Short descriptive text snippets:
%%

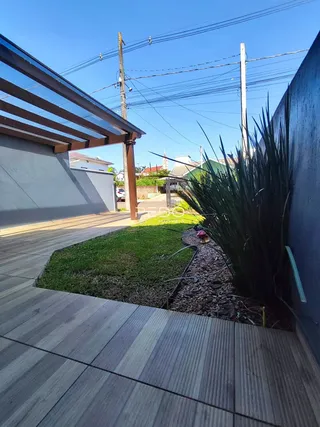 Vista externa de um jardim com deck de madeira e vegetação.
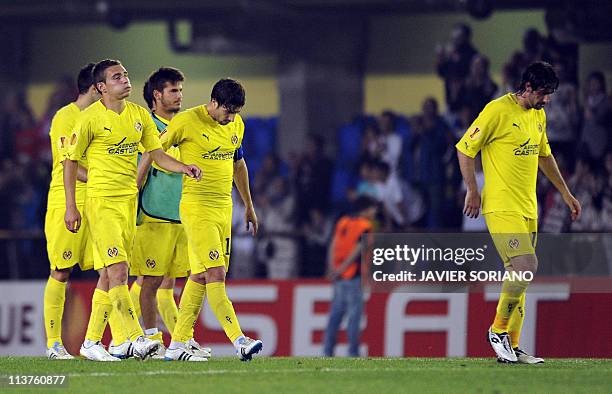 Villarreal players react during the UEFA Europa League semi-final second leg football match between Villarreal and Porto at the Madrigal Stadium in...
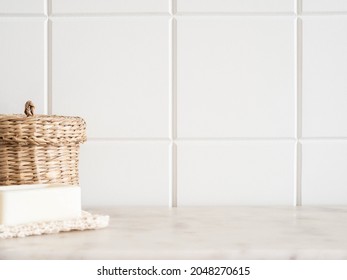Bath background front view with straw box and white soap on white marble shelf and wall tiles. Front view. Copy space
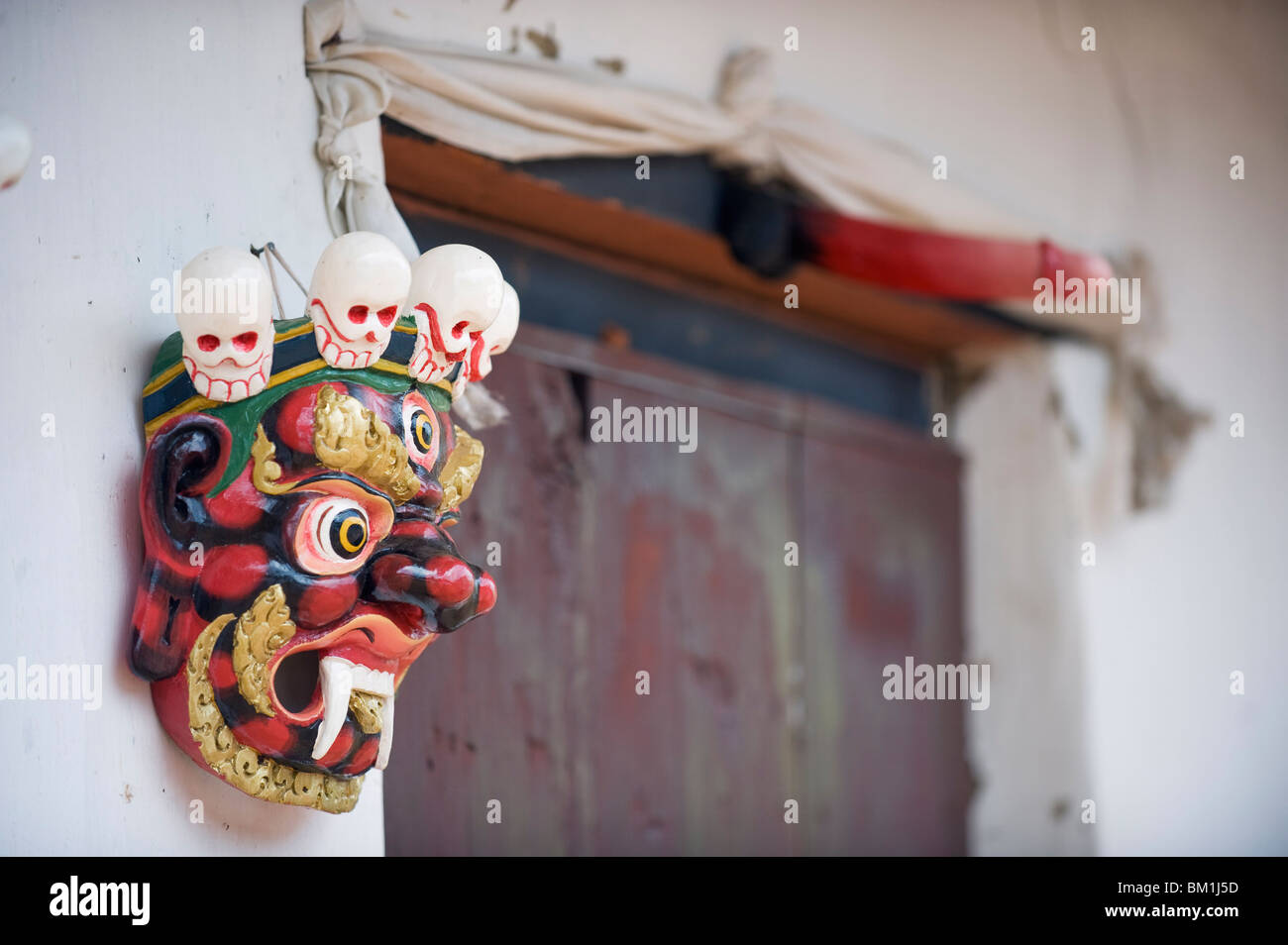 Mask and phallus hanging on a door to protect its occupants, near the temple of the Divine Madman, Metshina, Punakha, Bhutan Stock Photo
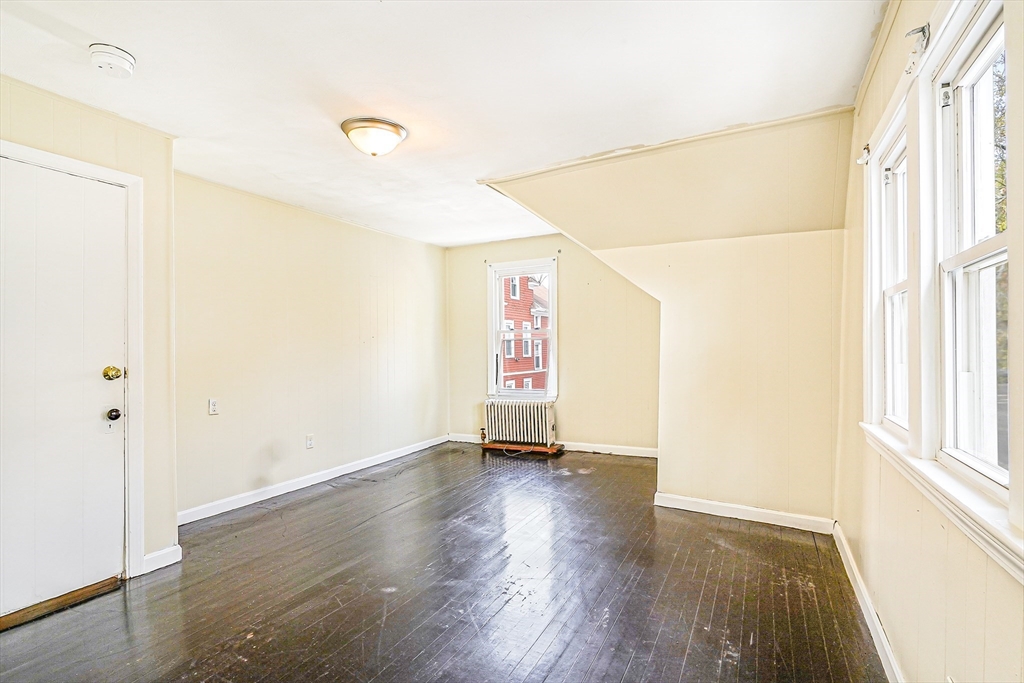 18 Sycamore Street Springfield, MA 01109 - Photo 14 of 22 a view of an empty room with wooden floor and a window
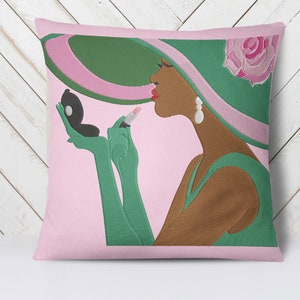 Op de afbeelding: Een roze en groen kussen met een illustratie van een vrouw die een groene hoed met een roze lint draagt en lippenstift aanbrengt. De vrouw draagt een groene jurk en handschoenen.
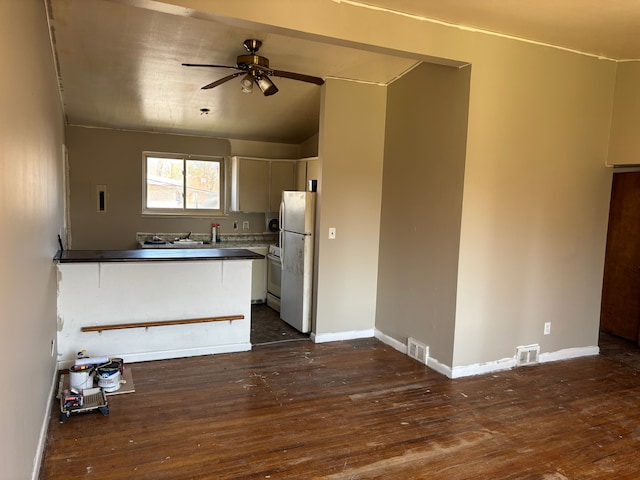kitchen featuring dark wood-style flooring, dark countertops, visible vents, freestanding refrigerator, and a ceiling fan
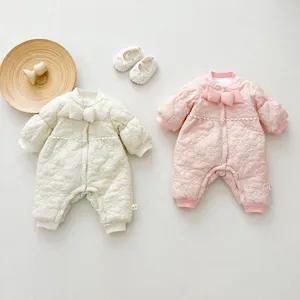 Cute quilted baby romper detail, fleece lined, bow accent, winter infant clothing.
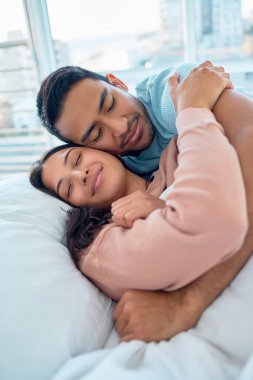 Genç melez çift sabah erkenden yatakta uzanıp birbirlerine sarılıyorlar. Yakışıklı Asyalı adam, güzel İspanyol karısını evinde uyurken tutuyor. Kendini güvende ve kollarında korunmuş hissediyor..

%%

Please copy the lines above exactly, starting at the line that holds "Bath background front" and ending at the line that holds "18 Sycamore Street"; include both, but no pictures.

EXERCISE RESULT
Bath background front view with straw box and white soap on white marble shelf and wall tiles. Front view. Copy space
 Mask and phallus hanging on a door to protect its occupants, near the temple of the Divine Madman, Metshina, Punakha, Bhutan Stock Photo
 18 Sycamore Street Springfield, MA 01109 - Photo 14 of 22 a view of an empty room with wooden floor and a window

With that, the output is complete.